Mac-specific tweaks for gorgeous web sites

Mac users have long enjoyed visual superiority over their more populous PC rivals, with a more beautiful interface, finely tuned font smoothing, and a refined overall user experience. Web sites can be made to take advantage of those Mac perks, by adding in a few bonus features; these will not adversely affect sites viewed on PCs, but will rather enhance the user experience for lucky Mac users.

My first tip is the use of Helvetica Neue, or more specifically, Helvetica Neue Light. CSS actually already has built in capacity for fonts of variable weight, far more comprehensively than the simplistic ‘normal’ or ‘bold’ options. While very few fonts cater for this sort of wide range of weights, there are some that have a lighter variation. You probably won’t notice the difference on a PC due to its insufficient font rendering (this is the fault of the operating system, not the individual browser), but on a Mac you will see the font perfectly - light, thin, elegant, yet quite readable, giving your web site a more sophisticated feel.

However, it is worth pointing out a few potential pitfalls before you start integrating this into your web site. Not all computers have Helvetica Neue Light, so don’t rely solely on that - make sure you have other fonts specified too as backups. Also, Safari doesn’t recognise the font unless you call it something slightly different, which Firefox doesn’t recognise, so you need to include both versions for it to appear correctly in both; in the example below the Firefox version is listed first, the Safari version second. In addition you will need to reset any styles using font-weight:bold to use the default Helvetica Neue font, otherwise you’ll find some strange effects coming into play where Mac OS X tries to boldify the light typeface, making it rather blurry; see the code below for solutions.

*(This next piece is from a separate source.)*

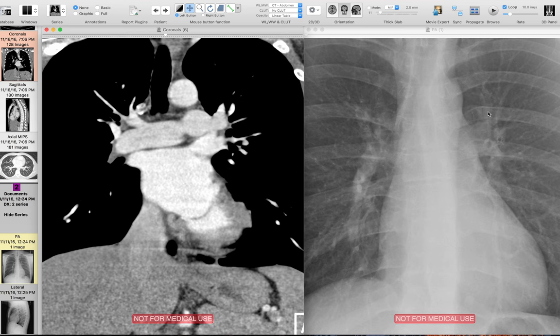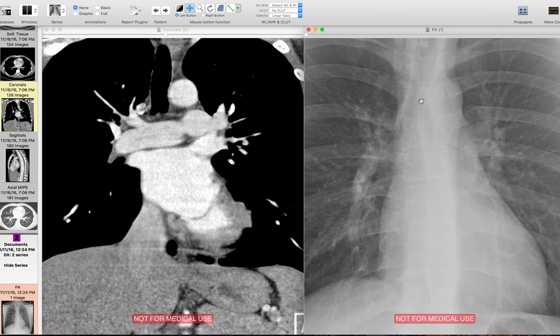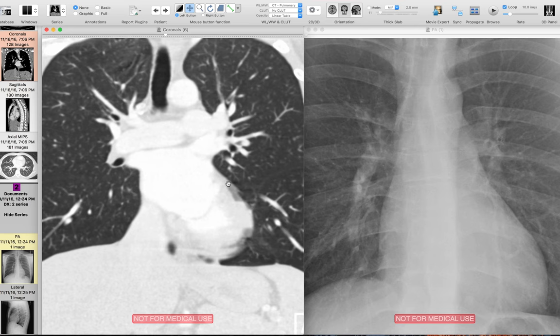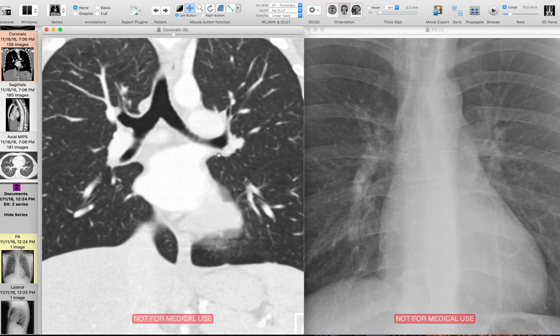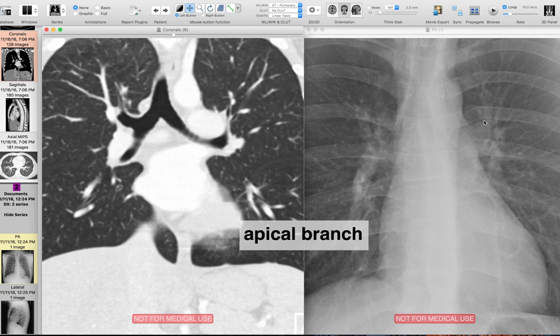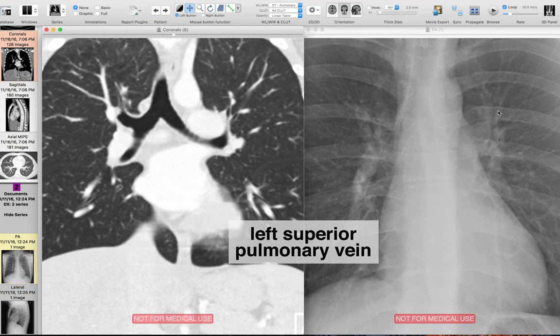There are some bronchi we can see as well. Going back to the trachea: there's the left main bronchus, which continues on to the left lower lobe bronchus, with a branch coming off as the left upper lobe bronchus. On the CT: the left main bronchus continues down into the left lower lobe, and the part going up is the left upper lobe bronchus. To summarize the left hilum: left pulmonary artery, apical branch of the left pulmonary artery, interlobar pulmonary artery, left superior pulmonary vein, left main bronchus, left lower lobe bronchus, and left upper lobe bronchus.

  1. body {font-family: "Helvetica Neue Light", "HelveticaNeue-Light", Helvetica, san-serif;}
  2. strong, b, h1, h2, h3 {font-family: Helvetica, san-serif; font-weight: bold;}

My second tip is for Safari only, and enables you to include a Mac-like rounded search box on your web page, similar to what you would find on Finder windows and suchlike. It’s a beautiful widget that can be easily used on a web page by type of input from ‘text’ to ’search’. This is not an official HTML attribute value and as such will not validate, but neither will it break on other browsers - on anything other than Safari the search box will be rendered as a text box.